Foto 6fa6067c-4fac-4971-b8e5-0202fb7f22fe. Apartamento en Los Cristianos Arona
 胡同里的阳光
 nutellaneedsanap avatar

**Exercise aim**
Write a verbatim copy of the listing above.

**Exercise result**
Foto 6fa6067c-4fac-4971-b8e5-0202fb7f22fe. Apartamento en Los Cristianos Arona
 胡同里的阳光
 nutellaneedsanap avatar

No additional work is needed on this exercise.